Things to follow up on
This query doesn’t find values for all the FreeBSD:13:i386 * latest combination. Some are not matched.
freshports.dev=# SELECT * FROM packages_raw WHERE port_id IS NULL AND abi = 'FreeBSD:13:i386' AND package_set = 'latest' ORDER BY package_origin; id | package_origin | package_name | package_version | abi | abi_id | port_id | package_set ---------+--------------------------------------+--------------------------------+-----------------+-----------------+--------+---------+------------- 2745970 | databases/rubygem-peek-mysql2-rails5 | rubygem-peek-mysql2-rails5 | 1.2.0 | FreeBSD:13:i386 | | | latest 2740242 | devel/p5-File-ShareDir-Tarball | p5-File-ShareDir-Tarball | 0.2.2 | FreeBSD:13:i386 | | | latest 2741383 | devel/p5-MooX-Singleton | p5-MooX-Singleton | 1.20 | FreeBSD:13:i386 | | | latest 2740542 | devel/p5-MooseX-MungeHas | p5-MooseX-MungeHas | 0.011 | FreeBSD:13:i386 | | | latest 2733133 | devel/py-aspy.yaml | py27-aspy.yaml | 1.3.0 | FreeBSD:13:i386 | | | latest 2741040 | devel/py-aspy.yaml | py37-aspy.yaml | 1.3.0 | FreeBSD:13:i386 | | | latest 2743867 | devel/py-nodeenv | py27-nodeenv | 1.3.3 | FreeBSD:13:i386 | | | latest 2744182 | devel/py-nodeenv | py37-nodeenv | 1.3.3 | FreeBSD:13:i386 | | | latest 2746002 | devel/rubygem-peek-gc-rails5 | rubygem-peek-gc-rails5 | 0.0.2 | FreeBSD:13:i386 | | | latest 2745932 | devel/rubygem-peek-rails5 | rubygem-peek-rails5 | 1.0.1 | FreeBSD:13:i386 | | | latest 2745897 | devel/rubygem-peek-rblineprof-rails5 | rubygem-peek-rblineprof-rails5 | 0.2.0 | FreeBSD:13:i386 | | | latest 2745876 | devel/rubygem-peek-redis-rails5 | rubygem-peek-redis-rails5 | 1.2.0 | FreeBSD:13:i386 | | | latest 2749944 | security/picosha2 | picosha2 | 1.0.0.23 | FreeBSD:13:i386 | | | latest 2749043 | sysutils/atf-rk3399 | atf-rk3399 | v2.1 | FreeBSD:13:i386 | | | latest 2746664 | sysutils/py-leviathan | py27-leviathan | 0.1.1 | FreeBSD:13:i386 | | | latest 2746885 | sysutils/py-leviathan | py37-leviathan | 0.1.1 | FreeBSD:13:i386 | | | latest 2737873 | sysutils/swapusage | swapusage | 1.0.0 | FreeBSD:13:i386 | | | latest 2744052 | www/rubygem-gon-rails5 | rubygem-gon-rails5 | 6.2.1 | FreeBSD:13:i386 | | | latest (18 rows)
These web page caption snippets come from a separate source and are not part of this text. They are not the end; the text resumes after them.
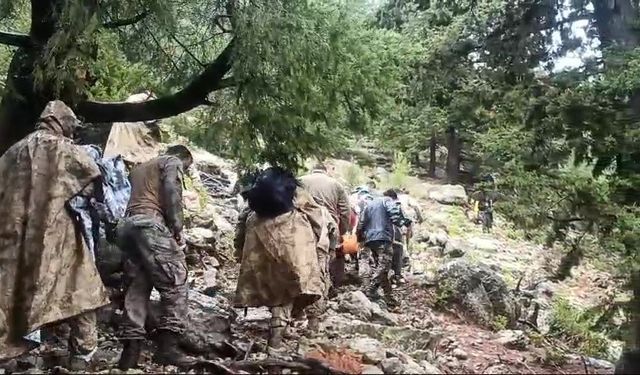 Mantar toplamak için çıkıp bitkin halde bulunan yaşlı adam hastanede hayatını kaybetti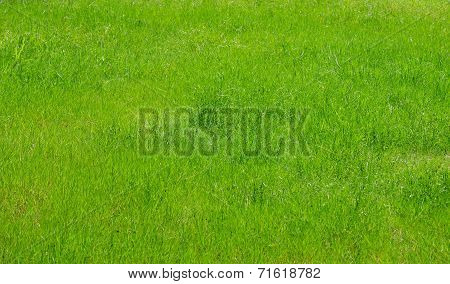 Green Background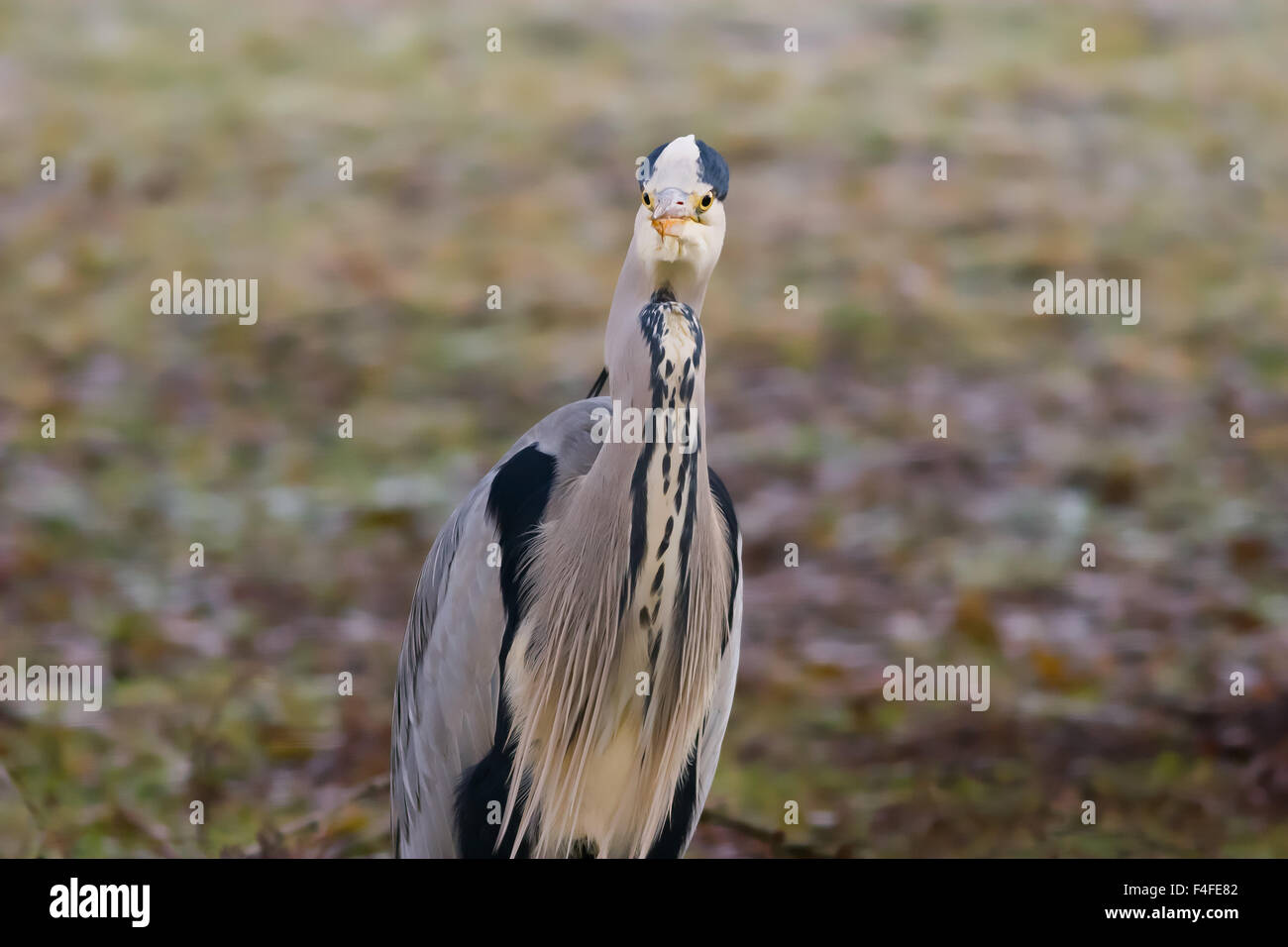 Graureiher Ardea Cinerea, einziger Vogel auf einem Feld. Stockfoto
This is a development database and those ports do not exist on this host. It could also be an out-of-date ports_origin table, but I haven’t checked that yet. All of those ports were added to the FreeBSD repo on these dates:
- February 5 2019
- April 15 2019
- May 26-29 2019
They are present in the production database. Nothing to be done here.
However, the system will have to flag such entries for later followup.